GOAL OF THE EXERCISE: Leave the pictures out, and transcribe the material below exactly from the line with "2025 Chevrolet Tahoe 4WD RST" to the line with "Villa Ula In", both lines included.
Start of MATERIAL PROVIDED
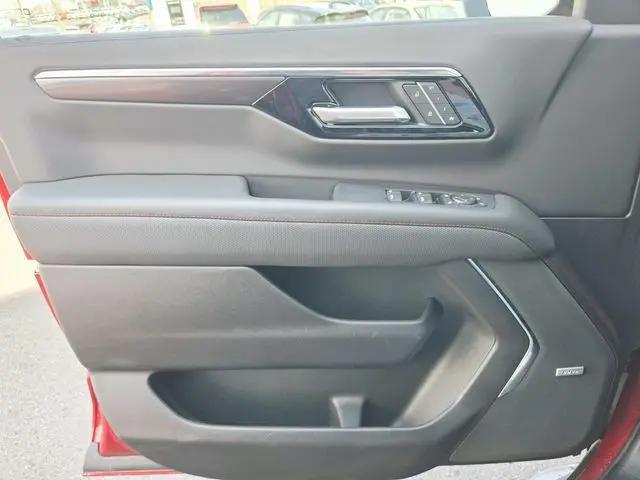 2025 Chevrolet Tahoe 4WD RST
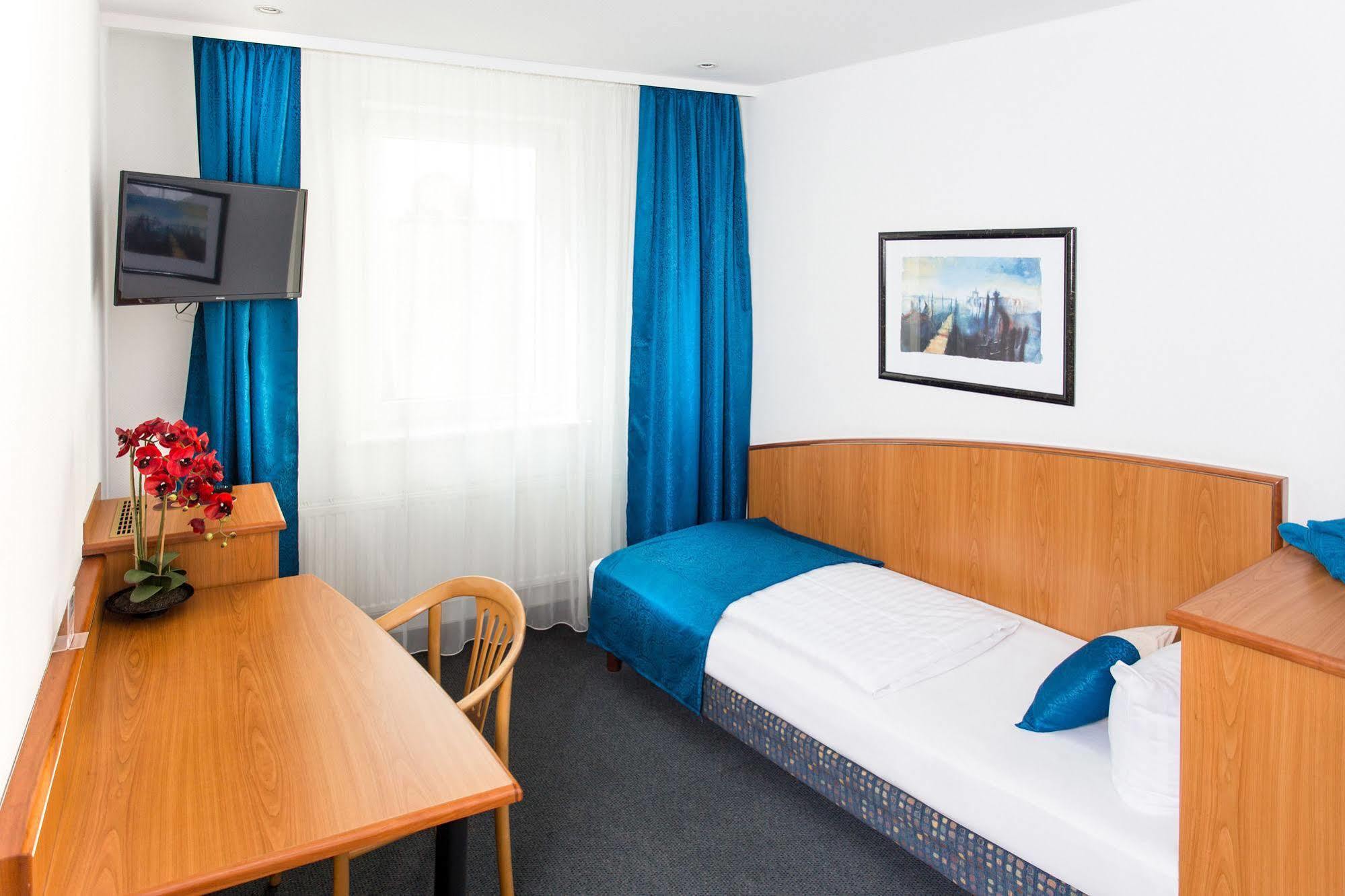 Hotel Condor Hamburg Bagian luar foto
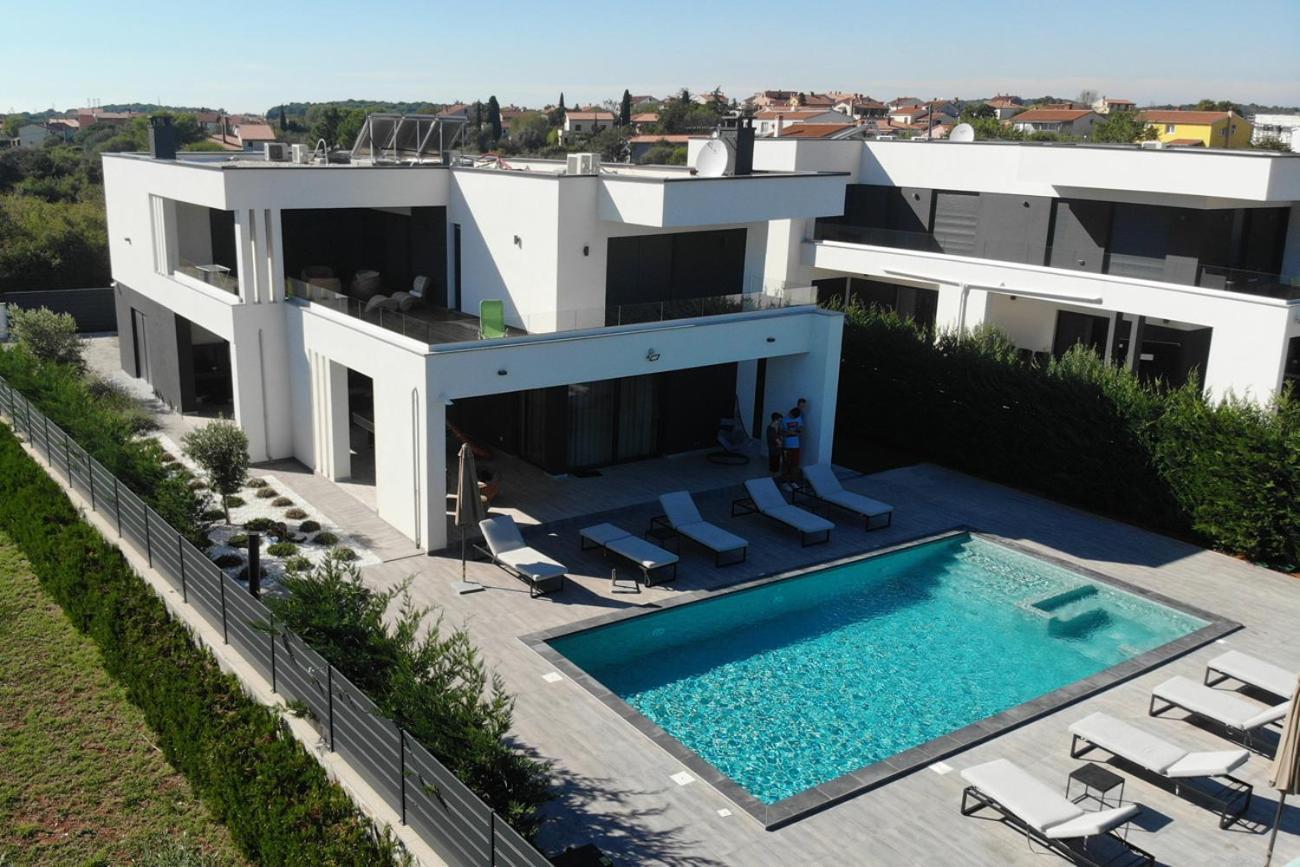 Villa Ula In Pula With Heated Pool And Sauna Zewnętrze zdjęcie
End of MATERIAL PROVIDED
Start of MATERIAL PROVIDED
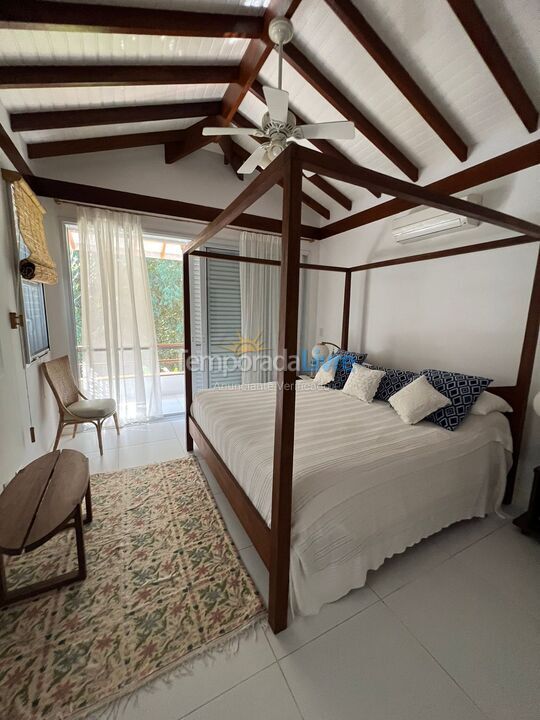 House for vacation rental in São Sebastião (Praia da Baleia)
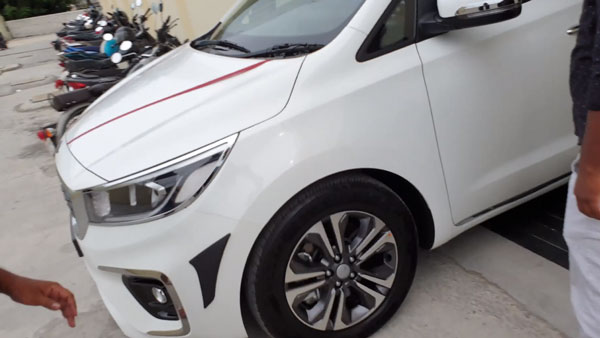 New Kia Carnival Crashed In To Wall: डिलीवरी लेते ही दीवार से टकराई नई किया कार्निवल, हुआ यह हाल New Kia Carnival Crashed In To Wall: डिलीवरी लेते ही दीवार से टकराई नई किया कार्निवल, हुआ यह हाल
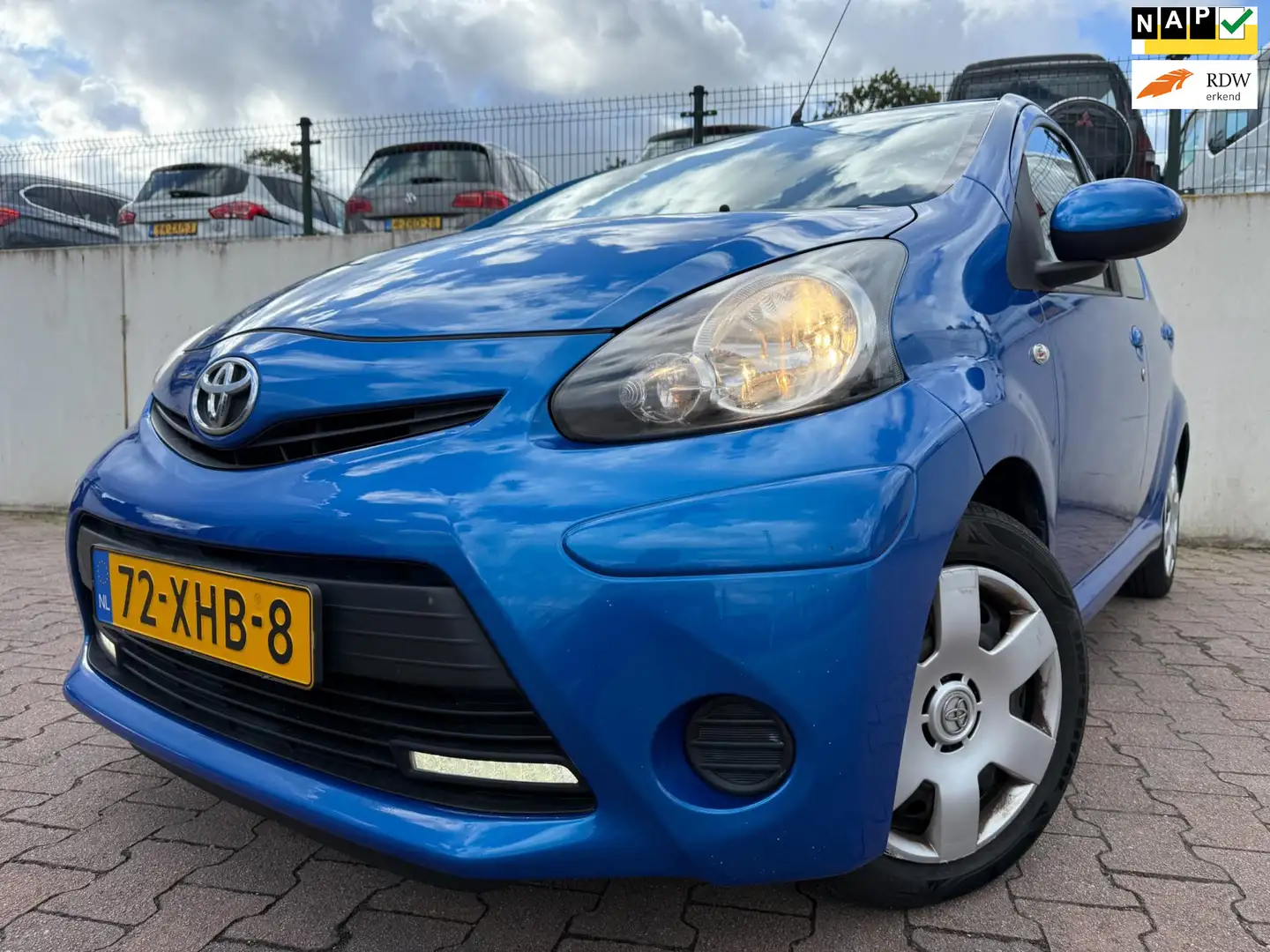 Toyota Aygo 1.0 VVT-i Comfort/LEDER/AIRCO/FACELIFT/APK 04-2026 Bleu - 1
End of MATERIAL PROVIDED
SOLUTION FOR THIS TASK:
 2025 Chevrolet Tahoe 4WD RST
 Hotel Condor Hamburg Bagian luar foto
 Villa Ula In Pula With Heated Pool And Sauna Zewnętrze zdjęcie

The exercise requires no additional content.